Environmental Research Letters (Jan 2018)

Uncertainty in United States coastal wetland greenhouse gas inventorying

  • James R Holmquist,
  • Lisamarie Windham-Myers,
  • Blanca Bernal,
  • Kristin B Byrd,
  • Steve Crooks,
  • Meagan Eagle Gonneea,
  • Nate Herold,
  • Sara H Knox,
  • Kevin D Kroeger,
  • John McCombs,
  • J Patrick Megonigal,
  • Meng Lu,
  • James T Morris,
  • Ariana E Sutton-Grier,
  • Tiffany G Troxler,
  • Donald E Weller

DOI
https://doi.org/10.1088/1748-9326/aae157
Journal volume & issue
Vol. 13, no. 11
p. 115005

Abstract

Read online

Coastal wetlands store carbon dioxide (CO _2 ) and emit CO _2 and methane (CH _4 ) making them an important part of greenhouse gas (GHG) inventorying.

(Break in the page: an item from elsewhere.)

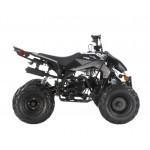 Apollo RFZ Falcon 140cc Sports Quad Bike - Black Apollo RFZ Falcon 140cc Sports Quad Bike - Black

In the contiguous United States (CONUS), a coastal wetland inventory was recently calculated by combining maps of wetland type and change with soil, biomass, and CH _4 flux data from a literature review. We assess uncertainty in this developing carbon monitoring system to quantify confidence in the inventory process itself and to prioritize future research. We provide a value-added analysis by defining types and scales of uncertainty for assumptions, burial and emissions datasets, and wetland maps, simulating 10 000 iterations of a simplified version of the inventory, and performing a sensitivity analysis. Coastal wetlands were likely a source of net-CO _2 -equivalent (CO _2 e) emissions from 2006–2011. Although stable estuarine wetlands were likely a CO _2 e sink, this effect was counteracted by catastrophic soil losses in the Gulf Coast, and CH _4 emissions from tidal freshwater wetlands. The direction and magnitude of total CONUS CO _2 e flux were most sensitive to uncertainty in emissions and burial data, and assumptions about how to calculate the inventory. Critical data uncertainties included CH _4 emissions for stable freshwater wetlands and carbon burial rates for all coastal wetlands. Critical assumptions included the average depth of soil affected by erosion events, the method used to convert CH _4 fluxes to CO _2 e, and the fraction of carbon lost to the atmosphere following an erosion event. The inventory was relatively insensitive to mapping uncertainties. Future versions could be improved by collecting additional data, especially the depth affected by loss events, and by better mapping salinity and inundation gradients relevant to key GHG fluxes. Social Media Abstract : US coastal wetlands were a recent and uncertain source of greenhouse gasses because of CH _4 and erosion.